Output every line below exactly, please, omitting pictures.

• _Dataset section_
● ● ● ● ●

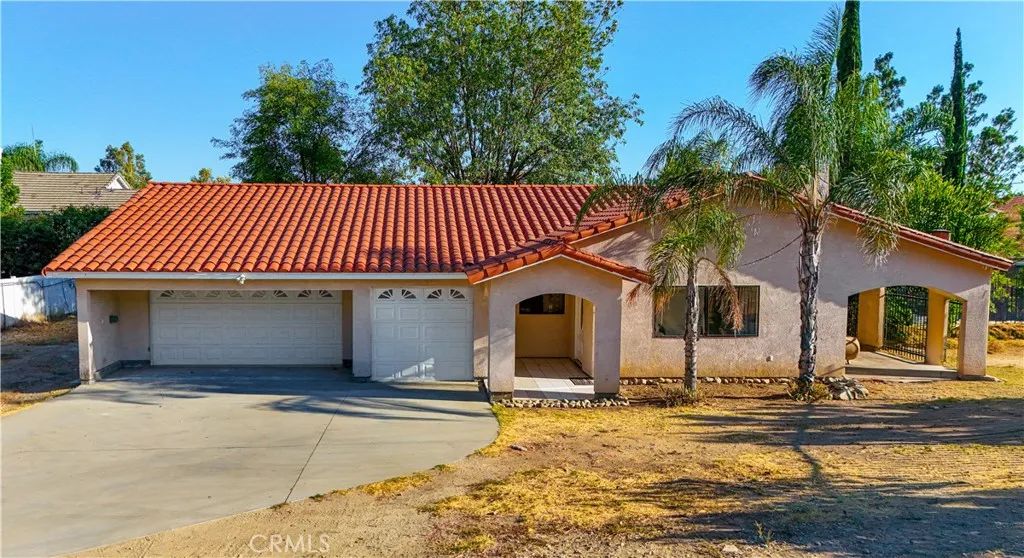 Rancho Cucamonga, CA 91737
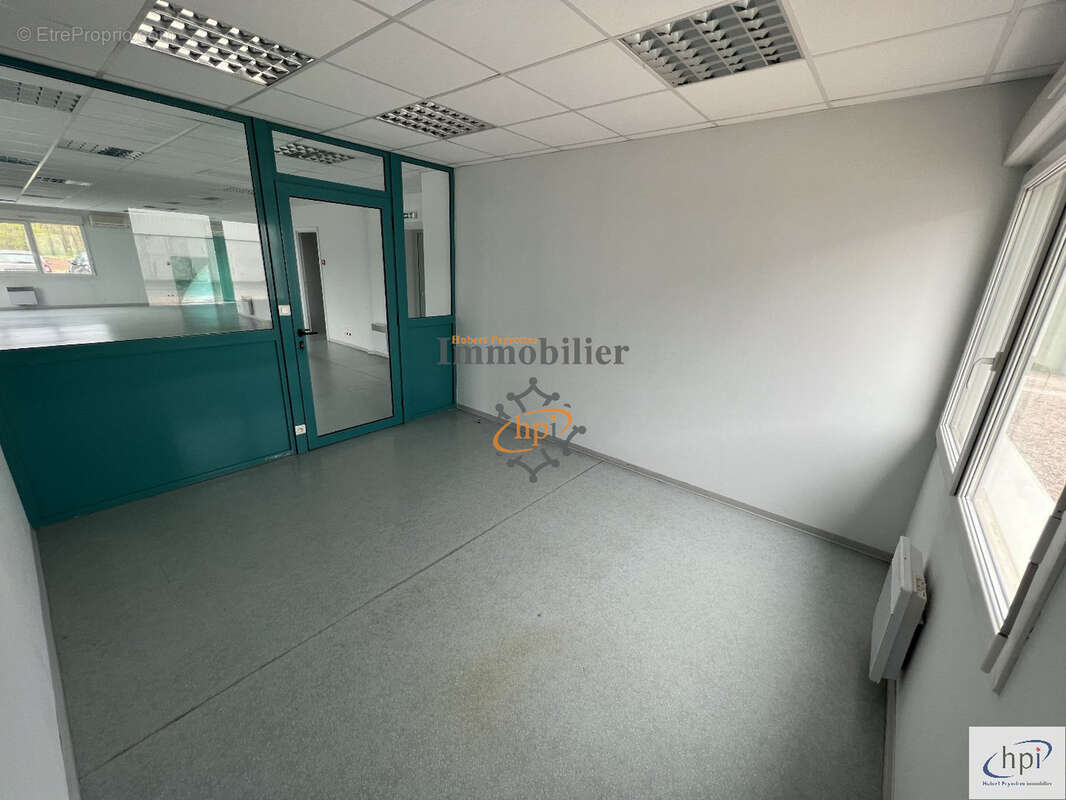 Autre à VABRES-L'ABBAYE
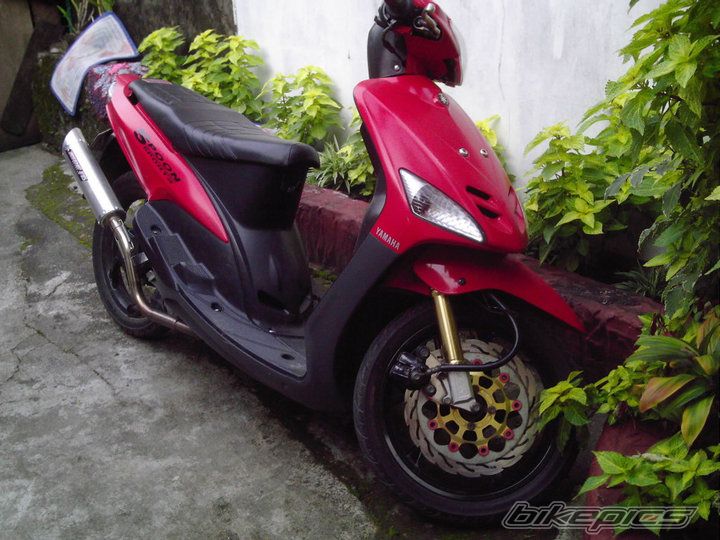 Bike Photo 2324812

● ● ● ● ●

• _Solution to this exercise_
 Rancho Cucamonga, CA 91737
 Autre à VABRES-L'ABBAYE
 Bike Photo 2324812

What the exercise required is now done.